Much More To Learn

“Why haven’t you done this before?” my husband asked me this morning as we were walking out the door. We were discussing the Come.Unity MLK Day gathering this Sunday and he could tell I was really looking forward to it. “Good question, honey.  I actually have done this before, or something similar—a long time ago.”

Come with me to my first decade in Dallas. It’s the Friday before MLK Day at the award-winning DISD Middle School where my 8th grade English students are looking fancy. Women faculty members in stunning African dresses and headwraps drop off their contributions to the Faculty Potluck Lunch in the school library, where later they will rib me for passing by the crockpot of “chitlins” in the food line (as some of them pass it right along with me).

Our guest speaker at the special assembly is Dr. Tony Evans. He preaches (even in a public school!) the ministry of reconciliation in Jesus Christ at the heart of Dr. King’s life and work. Then the choir sings, far more gloriously than you might expect from a group of middle schoolers.

This day, I am aware that I am a minority here. The dignity of the day impacts me deeply, but most of the students in this 85% African-American school approach MLK Day with a much different context. Their grandparents tell civil rights stories firsthand. Their parents–a Dallas City Manager, a National PTA President, a Dallas City Council Member, a Presidential Campaign Manager among them–have different stories of the significance of this day. On this day, at this school, this teacher realizes how much she is learning, and how much more she has to learn.

Now, in 2017, I’m approaching MLK Day not as a teacher in an African-American community, but as a member of a church that has identified “Freedom in Reconciliation” as a core value worth seeking as we move together into the remarkable love of Jesus Christ. Out of that, I’m stirred in new ways to learn again, and to listen toward true understanding. There is so much more to hear.

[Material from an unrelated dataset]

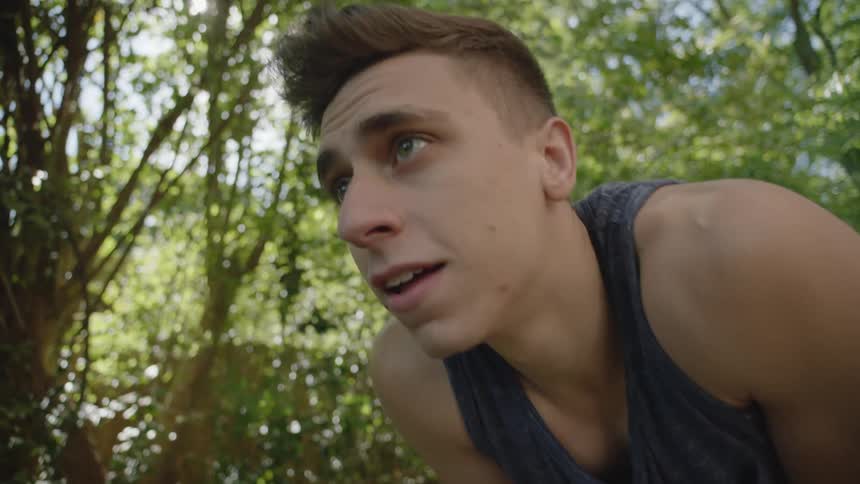 A man is exercising outdoors in spring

If you agree—if you were stirred last Sunday in response to God’s Word or the panel discussion on racial reconciliation, here are some suggestions for possible next steps. (If you missed either, you can listen on the media page of our website soon.)

  • Pray.
  • Attend the Come.Unity gathering this Sunday.
  • Invite someone of a different race to coffee or lunch.
  • Go to the movies. See “Hidden Figures” or “Fences” and discuss them with a friend or co-worker who is African-American.
  • Join a book discussion on the topic of racial reconciliation. We hope to start one or more of these soon and already have a number who are interested. Let us know if you’d like to be a part.

Diana Calvin
Connections Minister

One response to “Much More To Learn”

  1. Milton Carnes says:

    Often considered a day off work or one to BBQ, it’s nice to hear TFC honoring unity. Wish I could be there to join the celebration. My church in Seattle made mention and had a moment of silence, but no activity around unity. Though a diverse community of Faith, I hoped for more. Missing TFC. God bless you all.